Airflow - Splitting DAG definition across multiple files

10.5k views Asked by At

Just getting started with Airflow and wondering what best practices are for structuring large DAGs. For our ETL, we have a lots of tasks that fall into logical groupings, yet the groups are dependent on each other. Which of the following would be considered best practice?

  • One large DAG file with all tasks in that file
  • Splitting the DAG definition across multiple files (How to do this?)
  • Define multiple DAGs, one for each group of tasks, and set dependencies between them using ExternalTaskSensor

Also open to other suggestions.

3

There are 3 answers

0
Vineet Goel On BEST ANSWER

DAGs are just python files. So you could split a single dag definition into multiple files. The different files should just have methods that take in a dag object and create tasks using that dag object.

Note though, you should just a single dag object in the global scope. Airflow picks up all dag objects in the global scope as separate dags.

It is often considered good practice to keep each dag as concise as possible. However if you need to set up such dependencies you could either consider using subdags. More about this here: https://airflow.incubator.apache.org/concepts.html?highlight=subdag#scope

You could also use ExternalTaskSensor but beware that as the number of dags grow, it might get harder to handle external dependencies between tasks. I think subdags might be the way to go for your use case.

0
Sergey Shcherbakov On

It seems that it is possible to place your Python modules into the plugins/ subfolder and import them from the DAG file:

https://airflow.apache.org/docs/apache-airflow/stable/plugins.html

0
L. D. Nicolas May On

With the advent of TaskGroups in Airflow 2.x, it's worth expanding on a previous answer. TaskGroups are just UI groupings for tasks, but they also serve as handy logical groupings for a bunch of related tasks. The tasks in a TaskGroup can be bundled and abstracted away to make it easier to build a DAG out of larger pieces. That being said, it may still be useful to have a file full of related tasks without bundling them into a TaskGroup.

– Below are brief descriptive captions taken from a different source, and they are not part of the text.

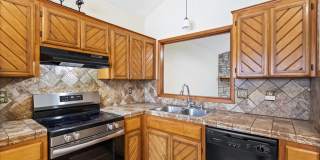 Charming 3-Bedroom Home with Stone Fireplace & Mature Trees Gallery 7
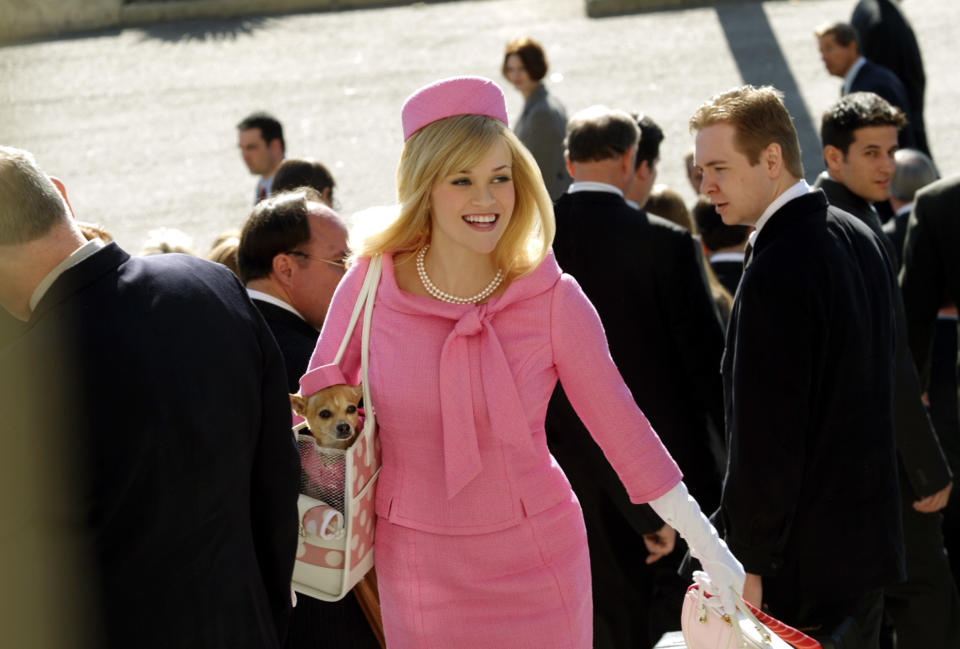 Elle wears a pink suit to court, and Bruce has a matching hat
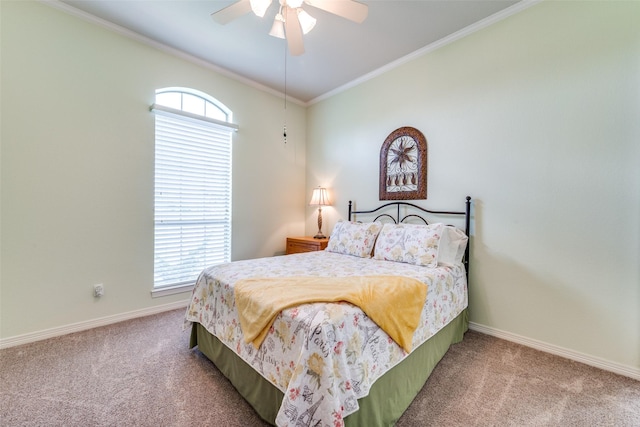 carpeted bedroom featuring crown molding, a ceiling fan, and baseboards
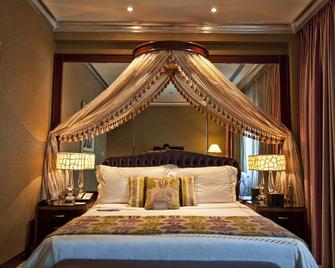 Grand Regency Doha, Trademark Collection - דוחה - חדר שינה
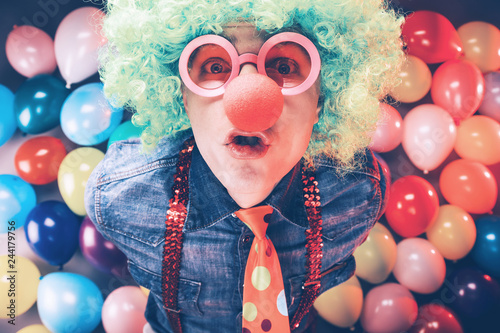 Mann in Karnevalsstimmung auf buntem Hintergrund aus Lüftballons.party Konzept
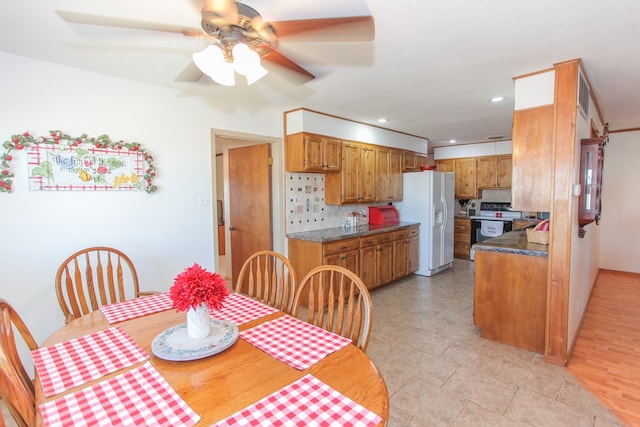 dining room featuring ceiling fan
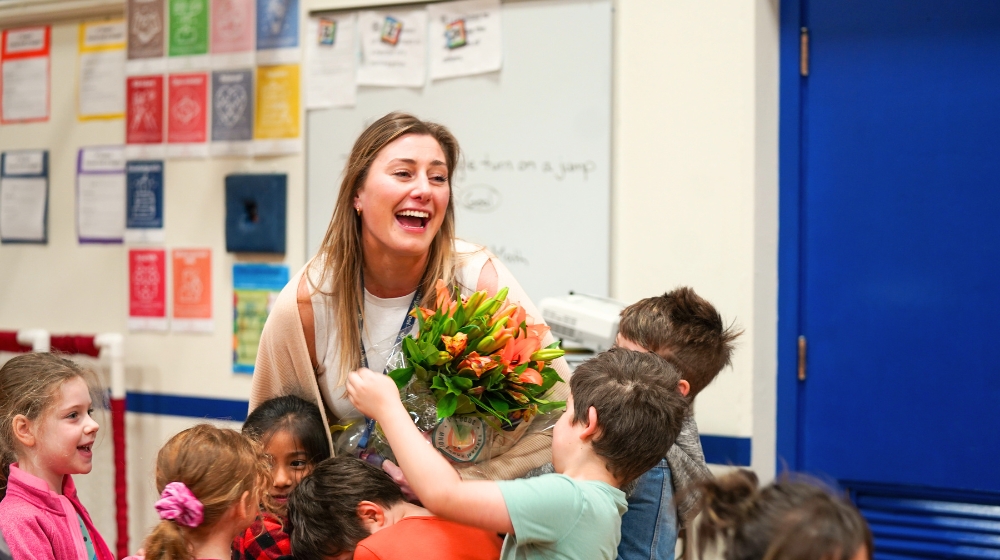 Staff member holding flowers laughs and students gather around to celebrate an award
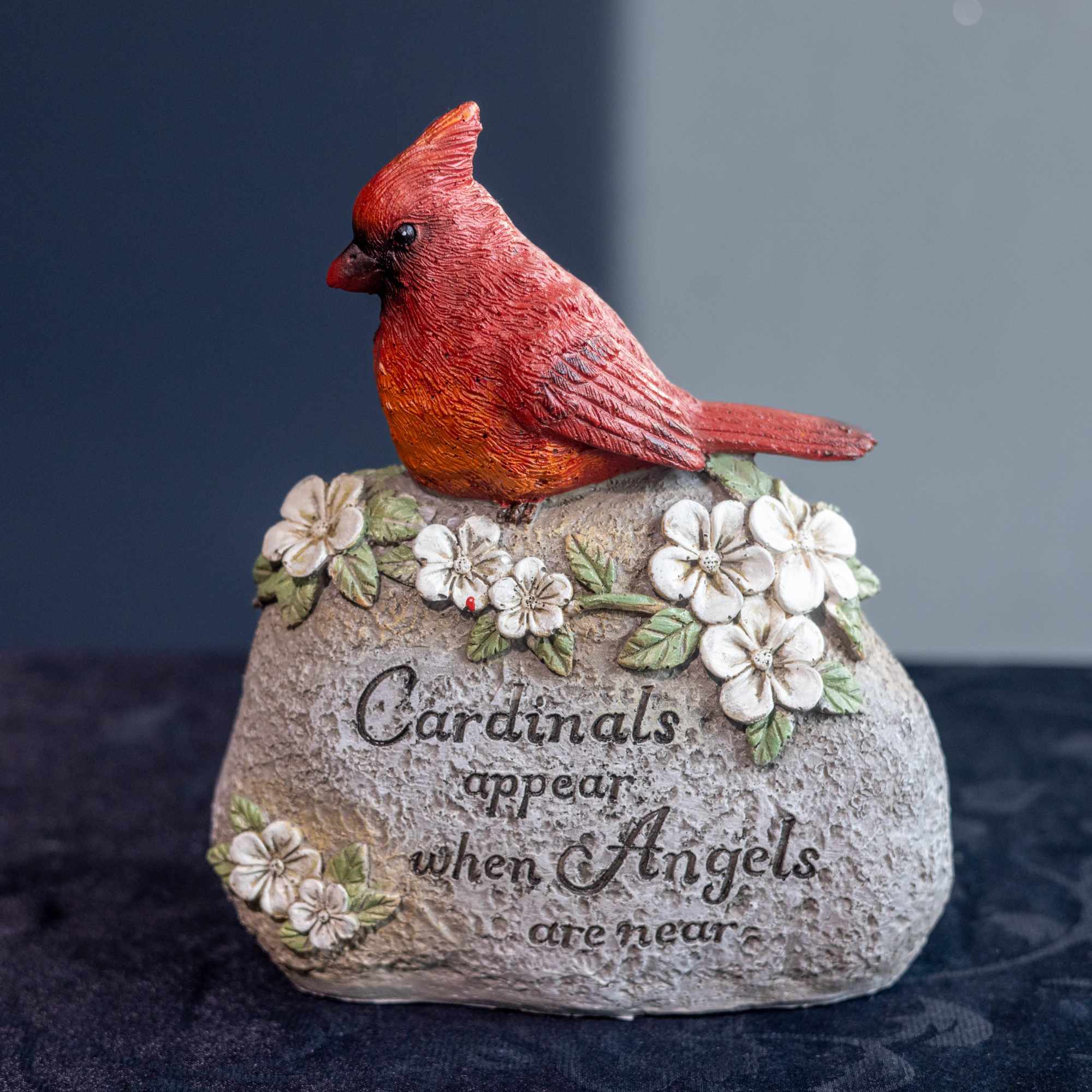 Cardinal figurine on a stone-look memorial plaque with flowers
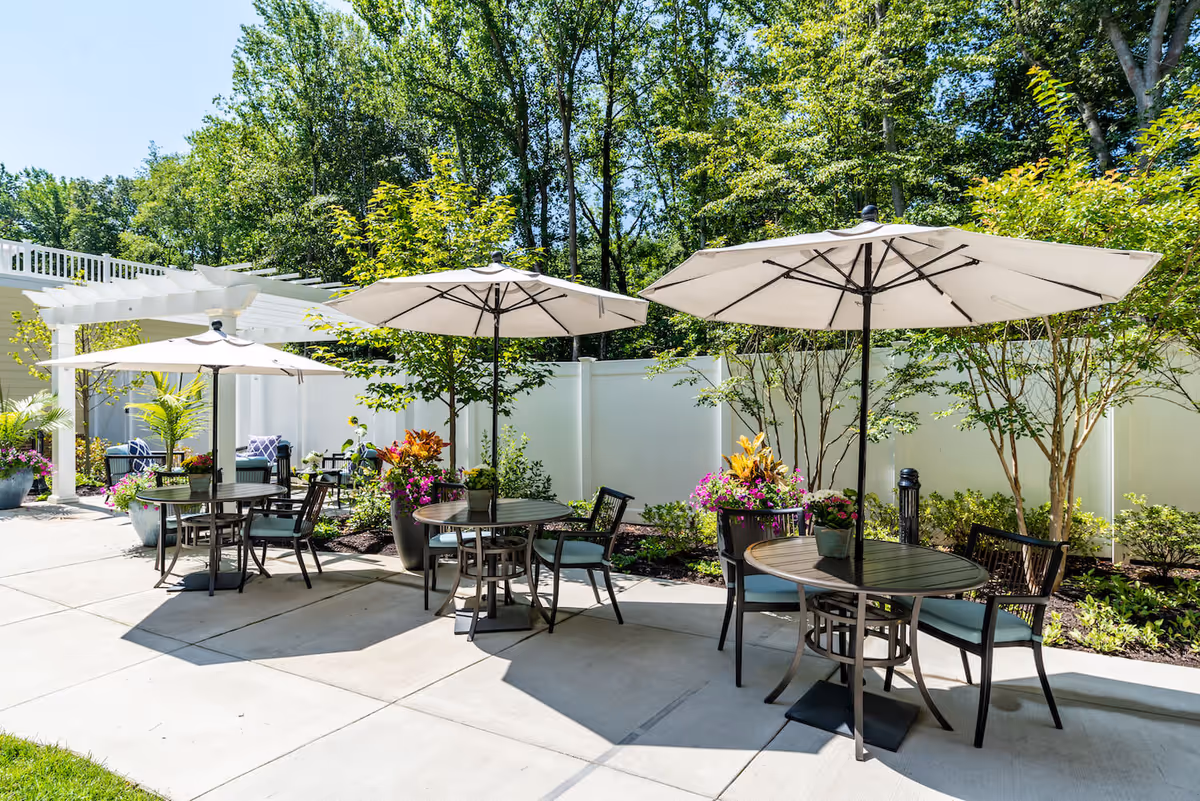 Outdoor patio area with round tables and chairs under large white umbrellas, surrounded by potted plants and greenery, with a white fence and trees in the background under a clear blue sky.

The trick to breaking up DAGs is to have the DAG in one file, for example my_dag.py, and the logical chunks of tasks or TaskGroups in separate files, with one logical task chunk or TaskGroup per file. Each file contains functions (or methods if you want to take an OO approach) each of which returns an operator instance or a TaskGroup instance.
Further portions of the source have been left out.